Description of the task: Could you set down only the lines from the one including "This is actually" to the end of the records below, inclusive and exact, leaving pictures out?

Data section:
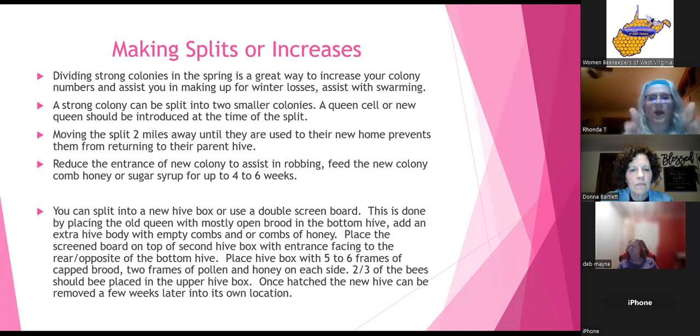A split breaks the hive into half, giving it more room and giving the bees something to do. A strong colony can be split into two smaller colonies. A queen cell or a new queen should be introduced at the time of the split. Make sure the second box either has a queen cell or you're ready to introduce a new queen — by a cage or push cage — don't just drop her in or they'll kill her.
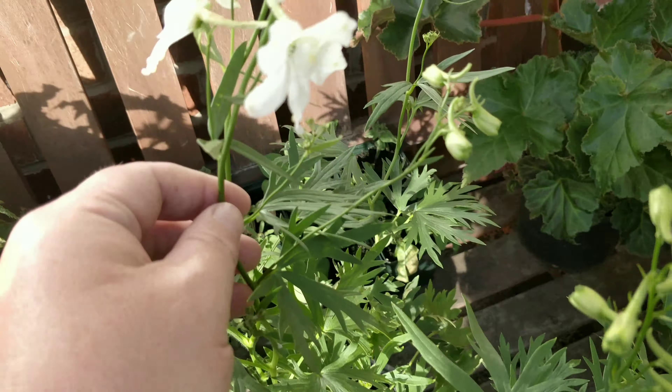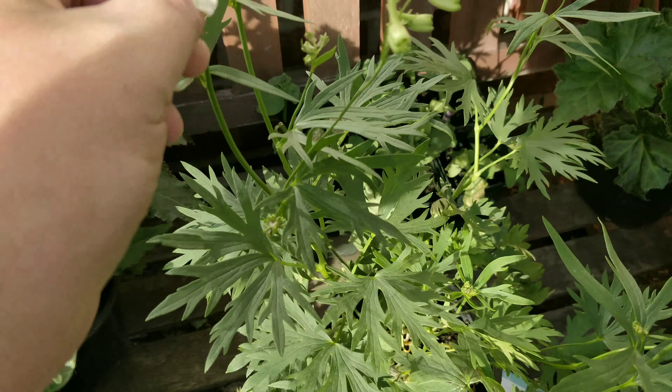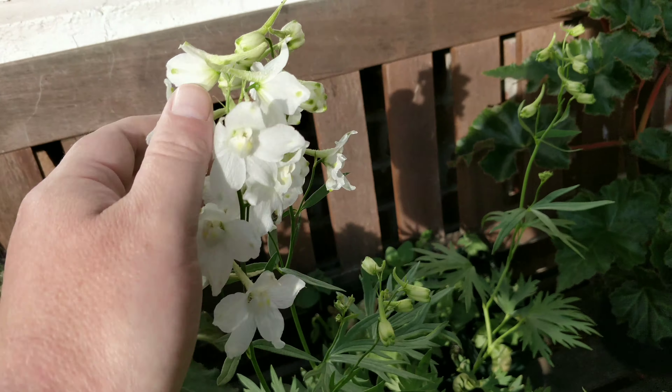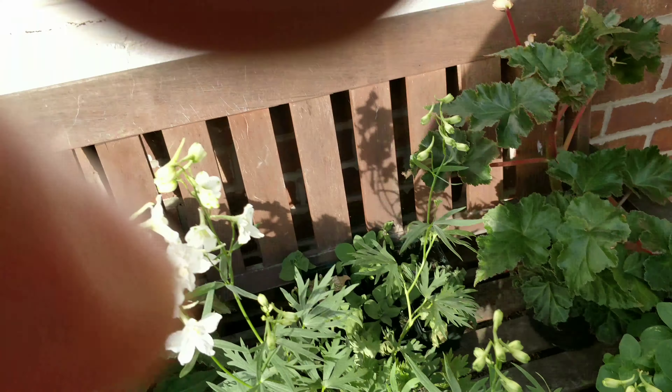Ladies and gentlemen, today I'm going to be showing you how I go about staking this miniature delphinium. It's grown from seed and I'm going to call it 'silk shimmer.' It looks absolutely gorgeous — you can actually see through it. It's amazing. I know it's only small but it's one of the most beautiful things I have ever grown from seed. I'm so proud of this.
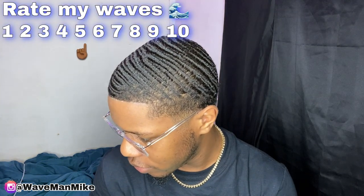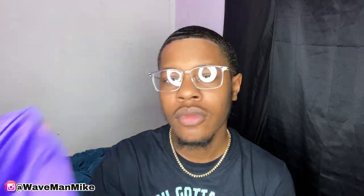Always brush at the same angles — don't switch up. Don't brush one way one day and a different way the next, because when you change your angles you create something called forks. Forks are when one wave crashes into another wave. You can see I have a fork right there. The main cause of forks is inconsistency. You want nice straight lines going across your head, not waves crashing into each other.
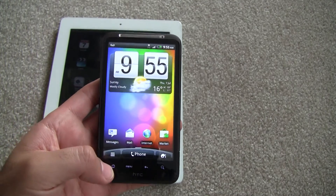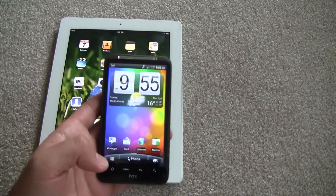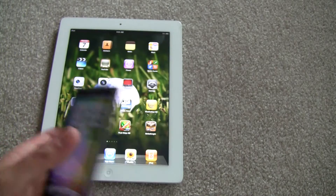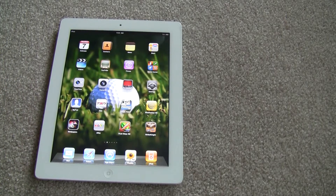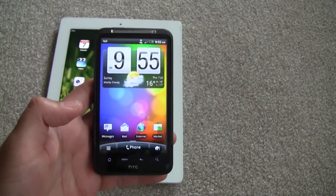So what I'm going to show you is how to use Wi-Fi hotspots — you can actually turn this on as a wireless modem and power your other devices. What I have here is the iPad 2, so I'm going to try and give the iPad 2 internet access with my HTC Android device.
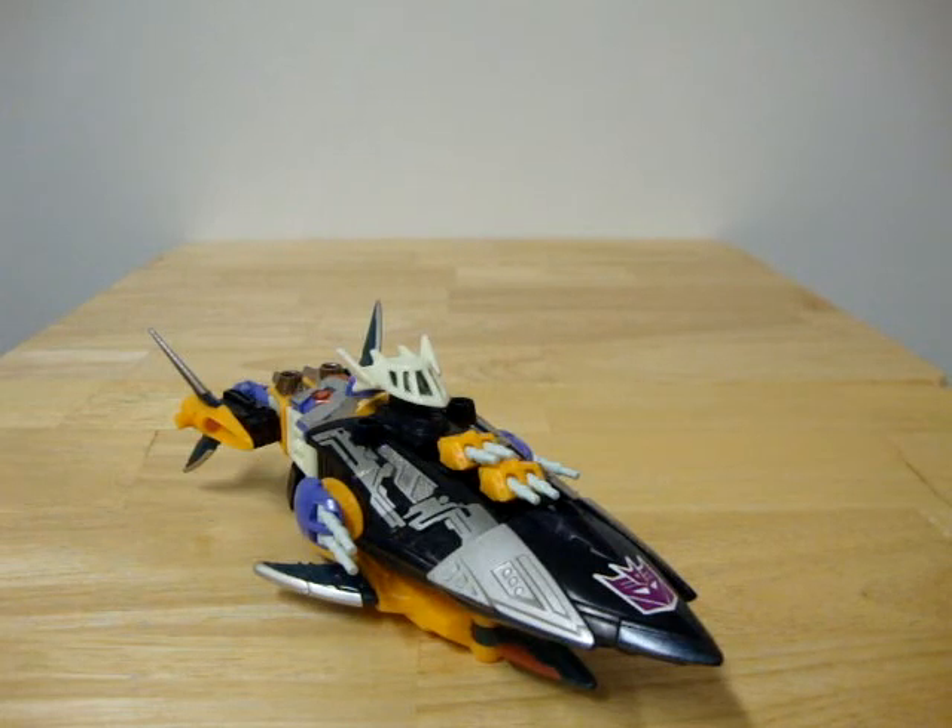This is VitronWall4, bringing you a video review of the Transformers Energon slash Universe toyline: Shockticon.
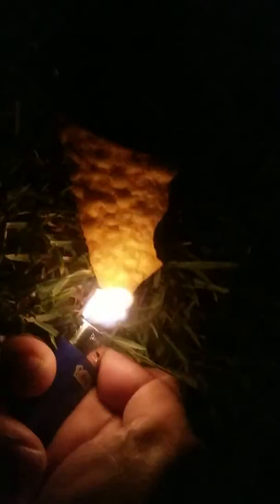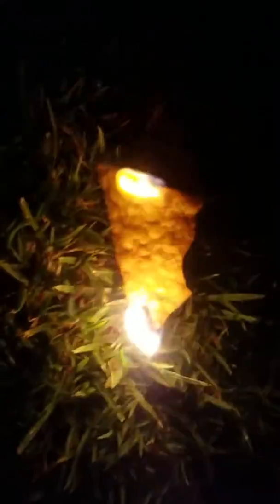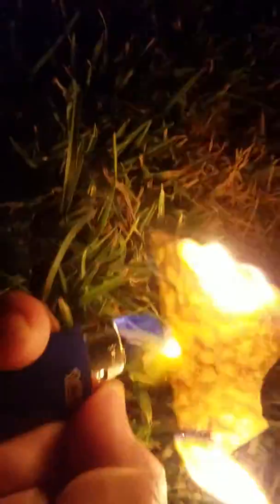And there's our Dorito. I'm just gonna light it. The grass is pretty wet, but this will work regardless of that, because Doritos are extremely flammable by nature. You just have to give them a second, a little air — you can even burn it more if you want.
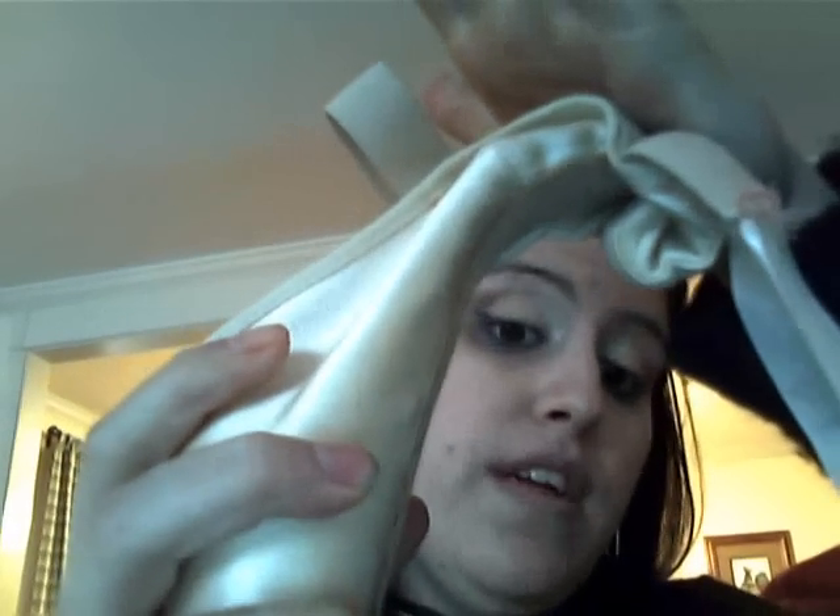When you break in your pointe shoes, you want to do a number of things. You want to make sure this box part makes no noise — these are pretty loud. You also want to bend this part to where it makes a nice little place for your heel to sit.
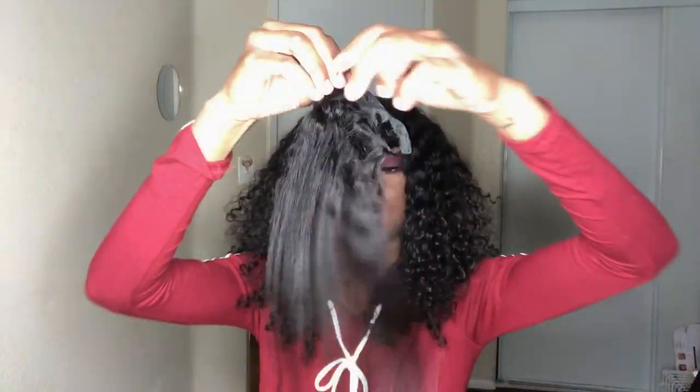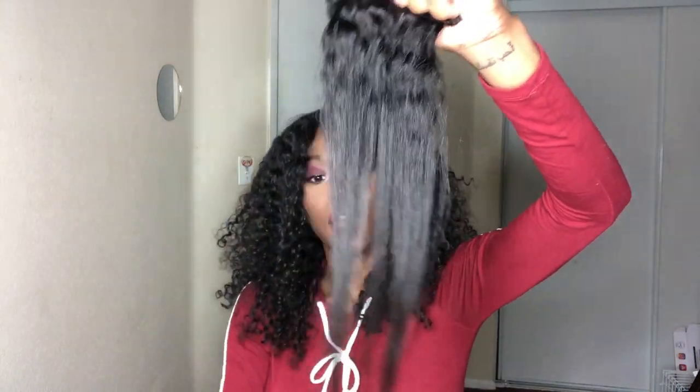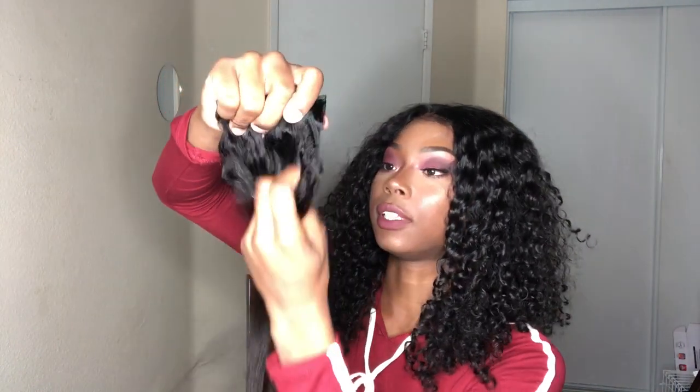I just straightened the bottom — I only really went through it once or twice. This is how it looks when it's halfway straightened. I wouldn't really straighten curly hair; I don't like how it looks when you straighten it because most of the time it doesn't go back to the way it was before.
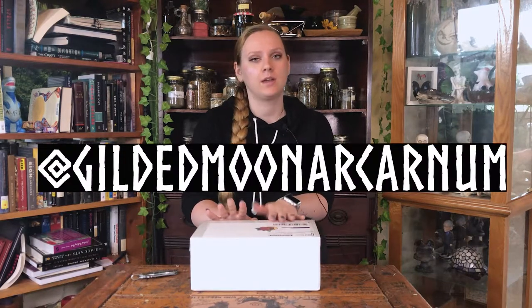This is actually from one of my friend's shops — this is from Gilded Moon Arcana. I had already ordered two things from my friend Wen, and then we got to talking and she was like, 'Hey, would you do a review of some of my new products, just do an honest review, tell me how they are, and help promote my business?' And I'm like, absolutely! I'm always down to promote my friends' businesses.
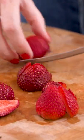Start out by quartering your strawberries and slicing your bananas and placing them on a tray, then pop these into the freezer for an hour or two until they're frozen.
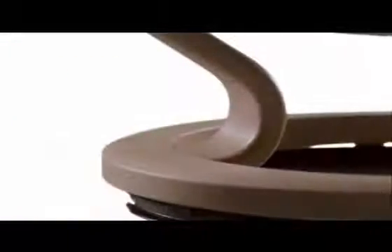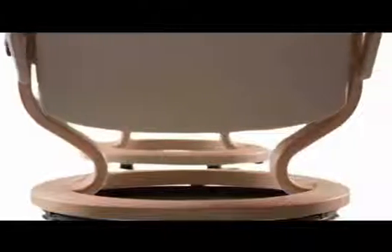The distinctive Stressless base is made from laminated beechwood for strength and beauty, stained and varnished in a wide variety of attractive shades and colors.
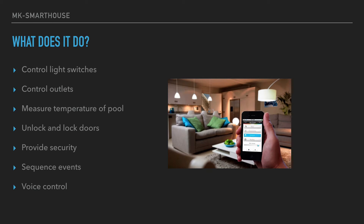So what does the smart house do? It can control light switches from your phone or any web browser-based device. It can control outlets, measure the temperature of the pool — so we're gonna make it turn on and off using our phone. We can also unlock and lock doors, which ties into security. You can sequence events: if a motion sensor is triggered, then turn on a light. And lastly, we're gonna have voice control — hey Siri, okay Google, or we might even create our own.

Solution for this task:
This is actually from one of my friend's shops — this is from Gilded Moon Arcana. I had already ordered two things from my friend Wen, and then we got to talking and she was like, 'Hey, would you do a review of some of my new products, just do an honest review, tell me how they are, and help promote my business?' And I'm like, absolutely! I'm always down to promote my friends' businesses.
Start out by quartering your strawberries and slicing your bananas and placing them on a tray, then pop these into the freezer for an hour or two until they're frozen.
The distinctive Stressless base is made from laminated beechwood for strength and beauty, stained and varnished in a wide variety of attractive shades and colors.
So what does the smart house do? It can control light switches from your phone or any web browser-based device. It can control outlets, measure the temperature of the pool — so we're gonna make it turn on and off using our phone. We can also unlock and lock doors, which ties into security. You can sequence events: if a motion sensor is triggered, then turn on a light. And lastly, we're gonna have voice control — hey Siri, okay Google, or we might even create our own.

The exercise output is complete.